(Seite 2 von 3)
Das kann man als mediales Gerede abtun, aber Sammer hat schon als TV-Experte bei Sky nicht gerade einen Bogen um populäre bis populistische Thesen gemacht, und es kann nicht ausgeschlossen werden, dass er der Versuchung nicht widerstehen könnte, sich auf Kosten der Profis oder des Trainers zu profilieren, wenn die Mannschaft keinen Erfolg hat. Das nicht primär aus eigenem Antrieb, sondern weil die Berichterstattung zumindest bisher nahtlos an die "alles Versager"-Rhetorik gegenüber der deutschen Mannschaft bei der EM anschließt, der zufolge Sammer vermeintlich das Gegengift gegen das "Verlierer-Gen" sei.

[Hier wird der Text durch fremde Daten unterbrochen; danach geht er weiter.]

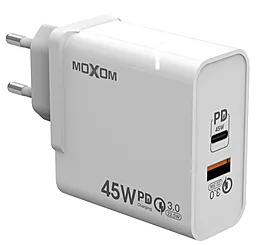 Мережевий зарядний пристрій з швидкою зарядкою MOXOM MX-HC29 QC 3.0 22.5W/PD 3.0 45W White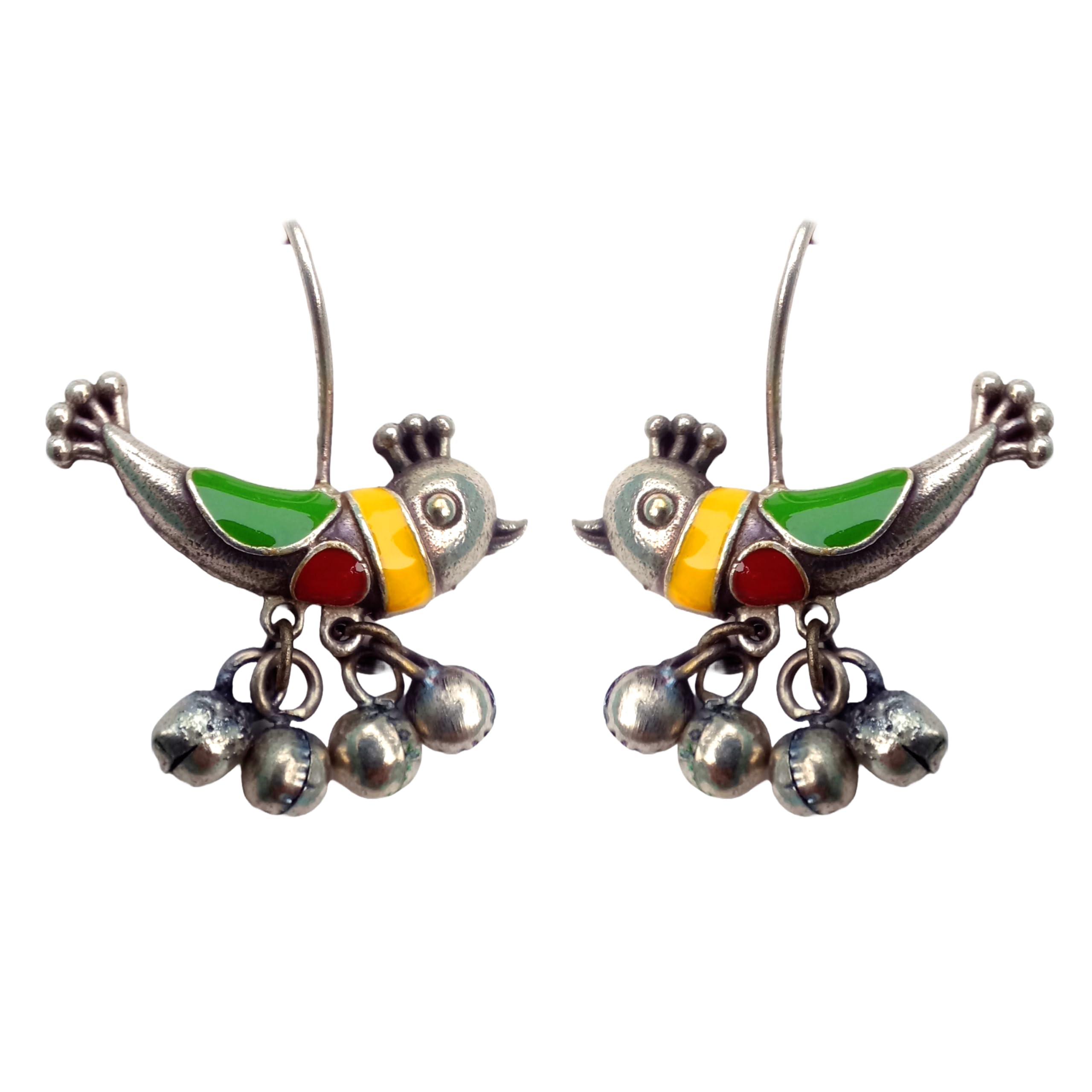 Multi Colour Small Bird Design German-Silver Oxidized Hook Earring for Women & Girls | Traditional Ethnic Jhumka Style Earrings BIRD-HOOK-image-24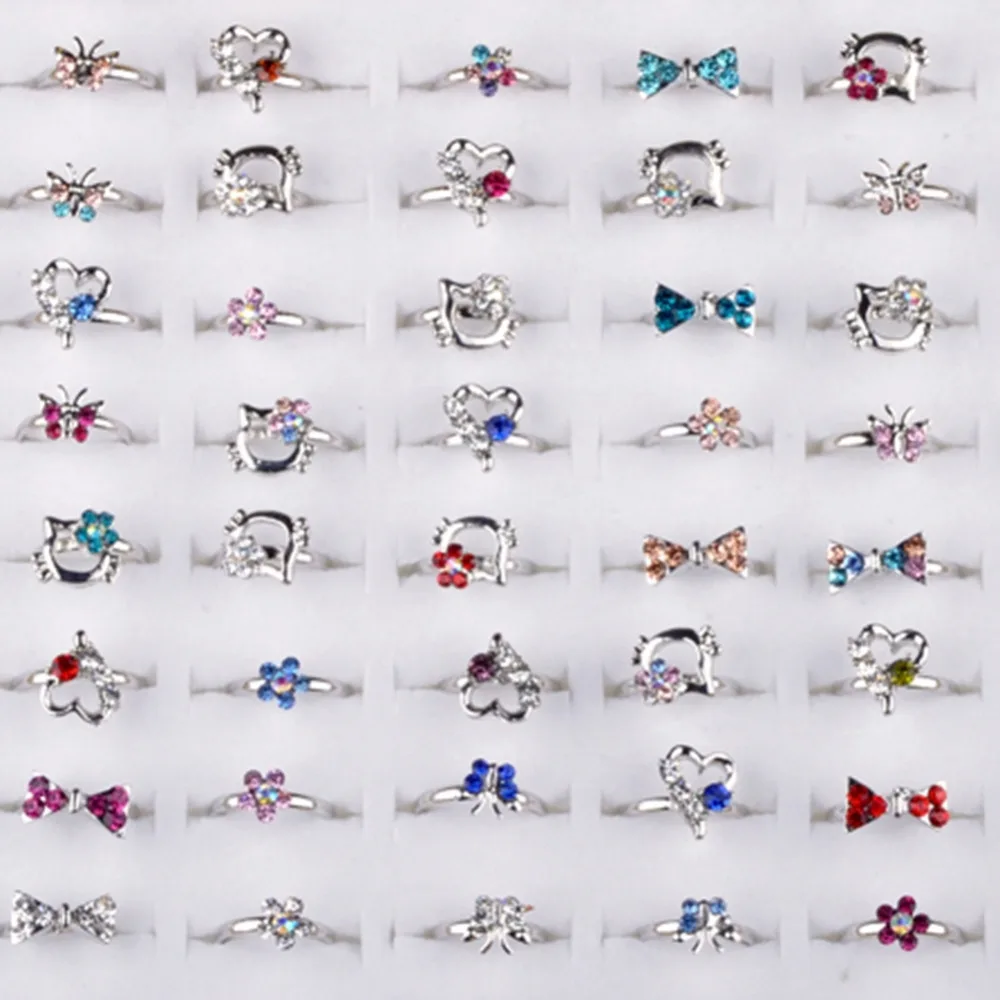 10pcs Wholesale Mixed Fashion Girl Colorful Crystal Cartoon Rings Party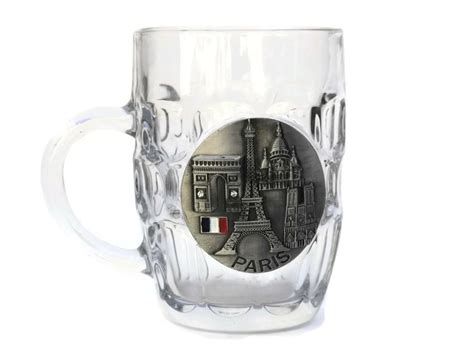 Paris Souvenir Mug with Eiffel Tower. French Vintage Glass Beer Stein ...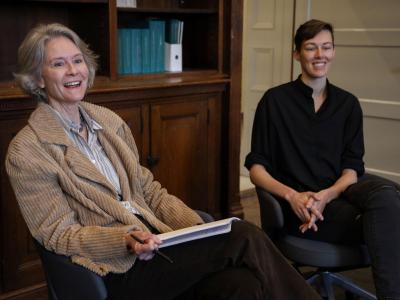 Mary Morton, left, and Caroline Woolard teamed up for a discussion of curatorial strategies and much else. 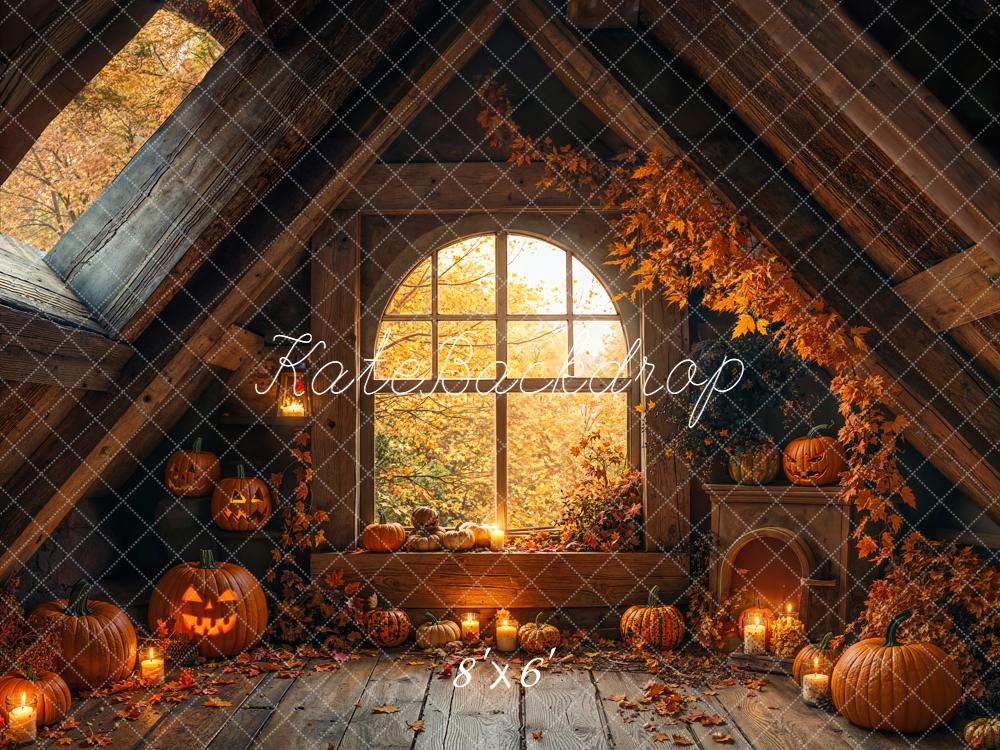 Kate Halloween Attic Pumpkins Autumn Fleece Backdrop Designed by Emetselch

Wenn Sammer sich auf seine eigentliche Aufgabe, die von Uli Hoeneß so umrissen wurde, konzentriert, also die Strukturen des Clubs im Jugendbereich professionalisiert und eine damit einhergehende Transferpolitik vertritt, dann kann seine Verpflichtung ein Goldener Griff werden. Die Sollbruchstellen sind aber zu erkennen.
2) Die Spekulationen um das Defensive Mittelfeld
Seit Wochen hört man vom Bemühen des FC Bayern um Javi Martínez von Athletic Bilbao, dessen vertraglich festgeschriebene Ablöse von 40 Millionen Euro den Münchnern jedoch zu teuer ist. Da sich die Verhandlungen, in die nun wohl auch Sammer involviert sein wird, noch hinziehen, bleibt Raum für Spekulationen.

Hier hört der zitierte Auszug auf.